§ ABOUT THIS EXERCISE: Line by line, set down all the data below exactly, omitting any picture.
DATA SUPPLIED Block Start
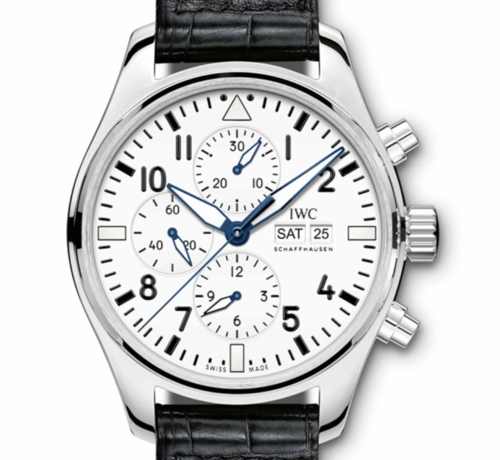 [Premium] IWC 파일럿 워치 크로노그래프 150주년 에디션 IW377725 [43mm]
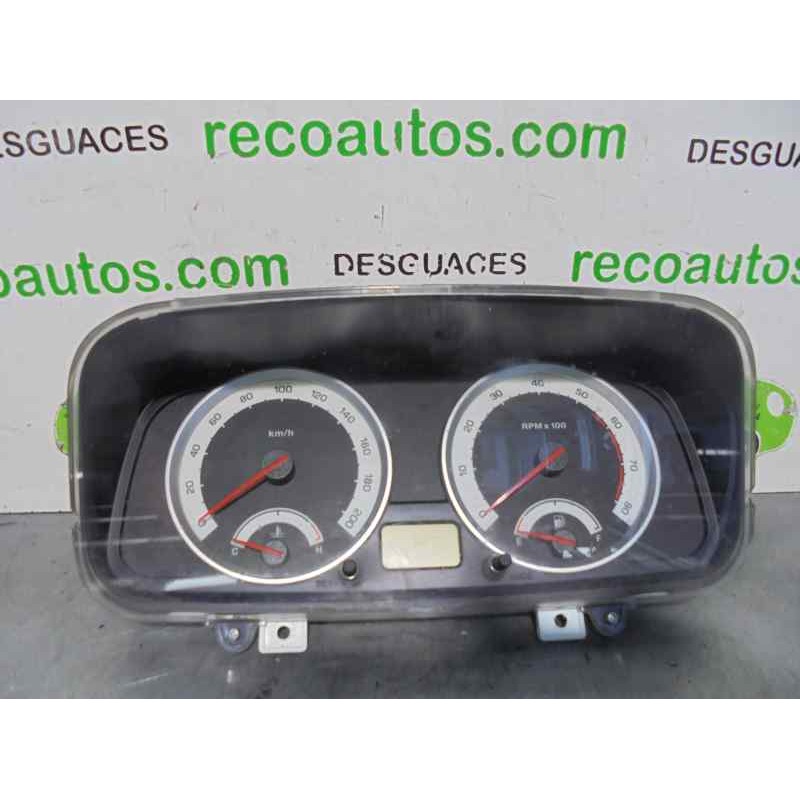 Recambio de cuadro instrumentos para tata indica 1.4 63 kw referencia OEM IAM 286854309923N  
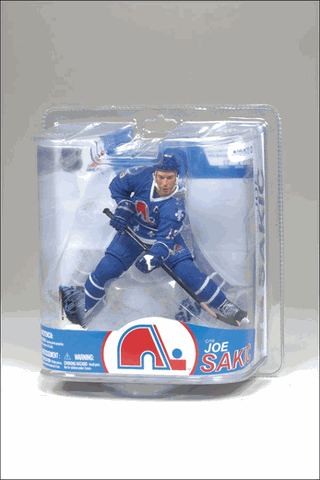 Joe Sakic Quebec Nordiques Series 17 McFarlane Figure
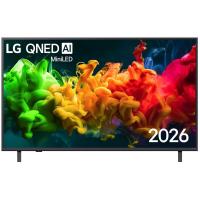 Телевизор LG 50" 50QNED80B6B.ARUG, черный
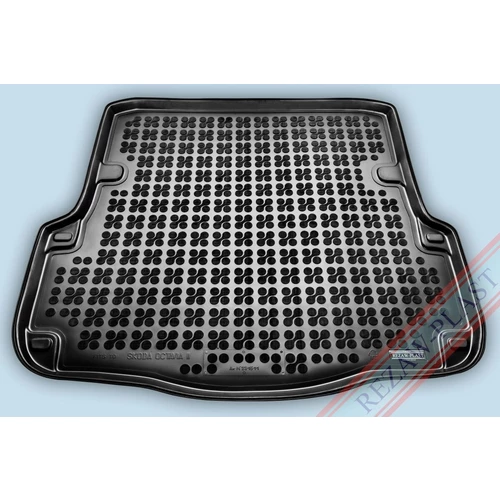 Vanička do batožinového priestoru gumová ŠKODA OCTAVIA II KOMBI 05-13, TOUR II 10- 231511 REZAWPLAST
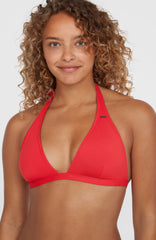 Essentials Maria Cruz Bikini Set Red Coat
DATA SUPPLIED Block End
§ REPLY TO THE EXERCISE:
 [Premium] IWC 파일럿 워치 크로노그래프 150주년 에디션 IW377725 [43mm]
 Recambio de cuadro instrumentos para tata indica 1.4 63 kw referencia OEM IAM 286854309923N  
 Joe Sakic Quebec Nordiques Series 17 McFarlane Figure
 Телевизор LG 50" 50QNED80B6B.ARUG, черный
 Vanička do batožinového priestoru gumová ŠKODA OCTAVIA II KOMBI 05-13, TOUR II 10- 231511 REZAWPLAST
 Essentials Maria Cruz Bikini Set Red Coat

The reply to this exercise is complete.